On 24 November 2011, the EU Court of Justice decided that ISPs cannot be forced to filter Internet traffic to fight intellectual property violations.  

In 2007, the Brussels Court of First Instance obliged the ISP Scarlet to filter all internet traffic and to block traffic involving violations of intellectual property rights, in particular in peer-to-peer applications.  An appeal was launched and the Brussels Court of Appeal filed two pre-judicial questions to the EU Court regarding the compatibility of such filtering obligation with European rules on e-commerce, intellectual property and data protection.

The Court has now rules that the E-Commerce Directive prohibits the imposition of general surveillance obligations on an ISP.  Moreover, the Court argues that while there is a right to property, protected by the EU Charter on Human Rights, this right is not absolute.  To the contrary, the right to property must be balanced against other rights, such as the freedom to undertake a business and the right to privacy.  The Court decides that the filtering obligation is disproportionate and in both cases fails to strike a fair balance.   

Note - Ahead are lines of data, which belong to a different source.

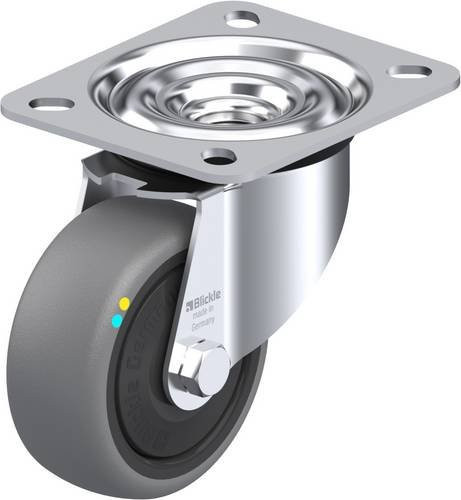 Blickle Lenkrolle LE-TPA 80KFD-ELS mit Schraubbefestigung, Rad-Durchmesser: 80 mm, Tragfähigkeit: 65 kg, Schwarz-Grau - Bild 1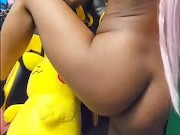 Ladykaiyo model does nude photoshoot in bedroom with pikachu 5/16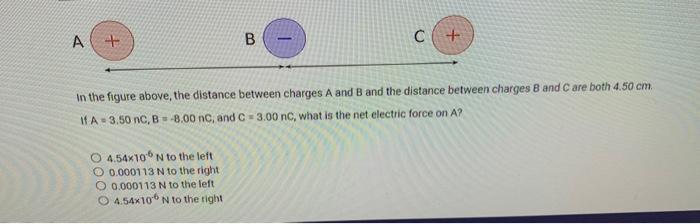 Solved In the figure above, the distance between charges A | Chegg.com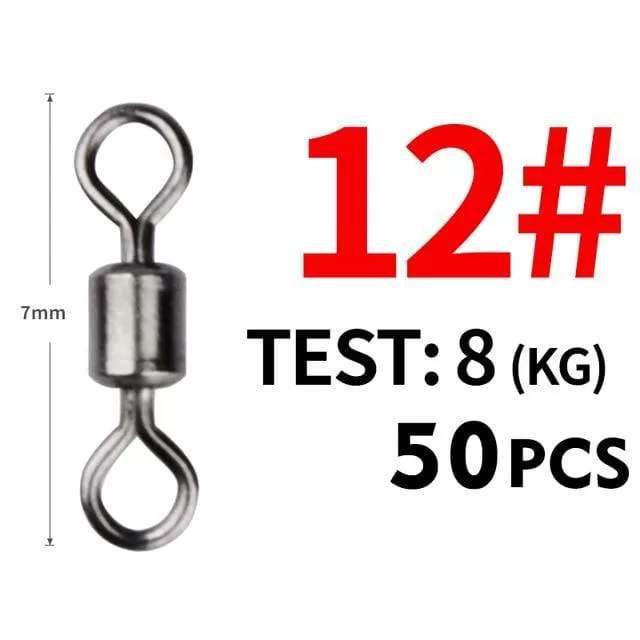 50PCS/Lot Fishing Swivel Sizes Solid Connector Ball Bearing Snap Fishing Swivels Rolling Stainless Steel Beads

In respect of privacy, the Court explains that the filtering obligation would inevitably require a systematic analysis of the content of communications and the collection and “identification” of IP addresses of Internet users exchanging illegal materials.  These IP addresses are personal data because they allow the ISP to identify relevant individuals.  In addition, the Court is concerned that the filtering system affects the freedom of communication because the filtering system is not sufficiently precise and could block communications that do not contain any illegal materials.  The Court therefore holds that the filtering obligation does not strike a fair balance between intellectual property rights, the right to protection of one’s personal data and the right of free communications.

The Court’s qualification of IP addresses as personal data in this context is uncontested.   ISPs which allocate IP addresses to their subscribers, can indeed link these IP addresses back to the subscribers.  This in contrast to most information society services (such as websites, internet e-mail services, etc.), which do not allocate IP addresses.  Their ability to link IP addresses to individual users is much less clear.  Whether or not IP addresses are personal data in the latter context has given rise to diverging case law throughout the EU.